Re: [PATCH 00/11] [v5] Use global pages with PTI
From: Tom Lendacky
Date: Mon Apr 09 2018 - 14:04:40 EST
On 4/6/2018 3:55 PM, Dave Hansen wrote:
> Changes from v4
> * Fix compile error reported by Tom Lendacky
This built with CONFIG_RANDOMIZE_BASE=y, but failed to boot successfully.

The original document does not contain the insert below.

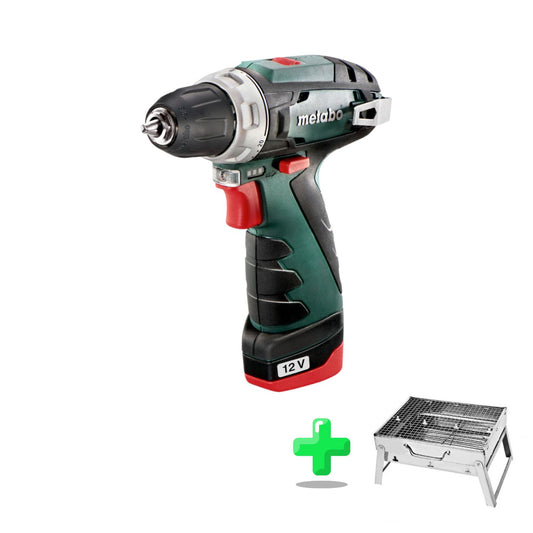 Metabo PowerMaxx BS Basic Akku Bohrschrauber 12 V 34 Nm ( 600984500 ) + 2x Akku 2,0 Ah + Ladegerät + Koffer + Toolbrothers Outdoor Holzkohle-Grill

I think you're missing the initialization of __default_kernel_pte_mask in
kaslr.c.
Thanks,
Tom
> * Avoid setting _PAGE_GLOBAL on non-present entries
>
> Changes from v3:
> * Fix whitespace issue noticed by willy
> * Clarify comments about X86_FEATURE_PGE checks
> * Clarify commit message around the necessity of _PAGE_GLOBAL
> filtering when CR4.PGE=0 or PGE is unsupported.
>
> Changes from v2:
>
> * Add performance numbers to changelogs
> * Fix compile error resulting from use of x86-specific
> __default_kernel_pte_mask in arch-generic mm/early_ioremap.c
> * Delay kernel text cloning until after we are done messing
> with it (patch 11).
> * Blacklist K8 explicitly from mapping all kernel text as
> global (this should never happen because K8 does not use
> pti when pti=auto, but we on the safe side). (patch 11)
>
> --
>
> The later versions of the KAISER patches (pre-PTI) allowed the
> user/kernel shared areas to be GLOBAL. The thought was that this would
> reduce the TLB overhead of keeping two copies of these mappings.
>
> During the switch over to PTI, we seem to have lost our ability to have
> GLOBAL mappings. This adds them back.
>
> To measure the benefits of this, I took a modern Atom system without
> PCIDs and ran a microbenchmark[1] (higher is better):
>
> No Global Lines (baseline ): 6077741 lseeks/sec
> 88 Global Lines (kern entry): 7528609 lseeks/sec (+23.9%)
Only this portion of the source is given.